=== What you need to do ===
The lines below starting at the line containing "Journey to the" and ending at the line containing "Casa De Praia" are to be repeated exactly, with both ends kept and nothing else added.

=== Provided records ===
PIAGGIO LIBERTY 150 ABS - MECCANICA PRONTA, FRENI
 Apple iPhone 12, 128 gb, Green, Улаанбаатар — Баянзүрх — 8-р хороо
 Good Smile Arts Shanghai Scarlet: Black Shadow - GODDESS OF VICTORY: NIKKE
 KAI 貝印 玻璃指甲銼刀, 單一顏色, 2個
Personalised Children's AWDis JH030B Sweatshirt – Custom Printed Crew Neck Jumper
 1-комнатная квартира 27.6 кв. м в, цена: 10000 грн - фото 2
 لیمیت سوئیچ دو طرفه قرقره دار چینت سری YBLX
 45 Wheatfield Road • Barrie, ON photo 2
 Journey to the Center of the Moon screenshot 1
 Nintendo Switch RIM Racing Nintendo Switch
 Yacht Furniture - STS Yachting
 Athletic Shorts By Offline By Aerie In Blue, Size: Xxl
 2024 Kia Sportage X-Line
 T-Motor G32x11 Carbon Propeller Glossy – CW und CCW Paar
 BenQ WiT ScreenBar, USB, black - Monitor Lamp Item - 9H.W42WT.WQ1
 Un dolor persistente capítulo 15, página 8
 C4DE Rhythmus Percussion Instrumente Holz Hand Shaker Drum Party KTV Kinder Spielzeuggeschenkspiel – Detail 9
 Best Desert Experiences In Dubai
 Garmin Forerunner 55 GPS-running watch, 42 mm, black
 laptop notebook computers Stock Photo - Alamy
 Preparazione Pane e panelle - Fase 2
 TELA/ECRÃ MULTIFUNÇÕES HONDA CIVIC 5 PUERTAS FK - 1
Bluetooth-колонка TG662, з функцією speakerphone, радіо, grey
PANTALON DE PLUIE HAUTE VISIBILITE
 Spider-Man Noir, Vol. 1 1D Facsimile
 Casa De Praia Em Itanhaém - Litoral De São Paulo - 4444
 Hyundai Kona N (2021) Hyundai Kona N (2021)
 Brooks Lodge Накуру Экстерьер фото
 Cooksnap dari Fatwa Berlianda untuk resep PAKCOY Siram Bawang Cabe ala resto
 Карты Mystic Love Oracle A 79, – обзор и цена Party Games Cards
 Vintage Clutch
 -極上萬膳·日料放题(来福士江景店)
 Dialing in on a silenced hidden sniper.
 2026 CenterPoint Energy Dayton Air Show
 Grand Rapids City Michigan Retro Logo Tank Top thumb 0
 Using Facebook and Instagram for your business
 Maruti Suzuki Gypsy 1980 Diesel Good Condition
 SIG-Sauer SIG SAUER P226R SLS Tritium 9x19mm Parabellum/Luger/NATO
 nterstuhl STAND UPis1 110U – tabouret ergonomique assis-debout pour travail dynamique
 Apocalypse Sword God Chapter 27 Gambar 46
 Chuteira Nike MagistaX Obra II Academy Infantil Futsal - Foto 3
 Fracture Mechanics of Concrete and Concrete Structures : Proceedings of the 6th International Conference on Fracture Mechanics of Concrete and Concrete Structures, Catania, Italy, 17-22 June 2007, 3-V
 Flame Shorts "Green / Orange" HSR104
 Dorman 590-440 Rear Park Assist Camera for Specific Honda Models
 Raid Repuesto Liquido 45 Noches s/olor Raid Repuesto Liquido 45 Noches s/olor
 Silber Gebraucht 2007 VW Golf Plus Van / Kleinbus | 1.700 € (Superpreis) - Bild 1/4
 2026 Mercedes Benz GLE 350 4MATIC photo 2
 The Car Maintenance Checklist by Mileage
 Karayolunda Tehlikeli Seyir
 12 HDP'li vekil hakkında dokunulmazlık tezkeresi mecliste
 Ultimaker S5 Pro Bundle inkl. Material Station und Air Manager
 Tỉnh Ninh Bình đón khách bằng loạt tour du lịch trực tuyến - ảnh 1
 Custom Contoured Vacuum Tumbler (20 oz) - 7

=== Answer section ===
 Journey to the Center of the Moon screenshot 1
 Nintendo Switch RIM Racing Nintendo Switch
 Yacht Furniture - STS Yachting
 Athletic Shorts By Offline By Aerie In Blue, Size: Xxl
 2024 Kia Sportage X-Line
 T-Motor G32x11 Carbon Propeller Glossy – CW und CCW Paar
 BenQ WiT ScreenBar, USB, black - Monitor Lamp Item - 9H.W42WT.WQ1
 Un dolor persistente capítulo 15, página 8
 C4DE Rhythmus Percussion Instrumente Holz Hand Shaker Drum Party KTV Kinder Spielzeuggeschenkspiel – Detail 9
 Best Desert Experiences In Dubai
 Garmin Forerunner 55 GPS-running watch, 42 mm, black
 laptop notebook computers Stock Photo - Alamy
 Preparazione Pane e panelle - Fase 2
 TELA/ECRÃ MULTIFUNÇÕES HONDA CIVIC 5 PUERTAS FK - 1
Bluetooth-колонка TG662, з функцією speakerphone, радіо, grey
PANTALON DE PLUIE HAUTE VISIBILITE
 Spider-Man Noir, Vol. 1 1D Facsimile
 Casa De Praia Em Itanhaém - Litoral De São Paulo - 4444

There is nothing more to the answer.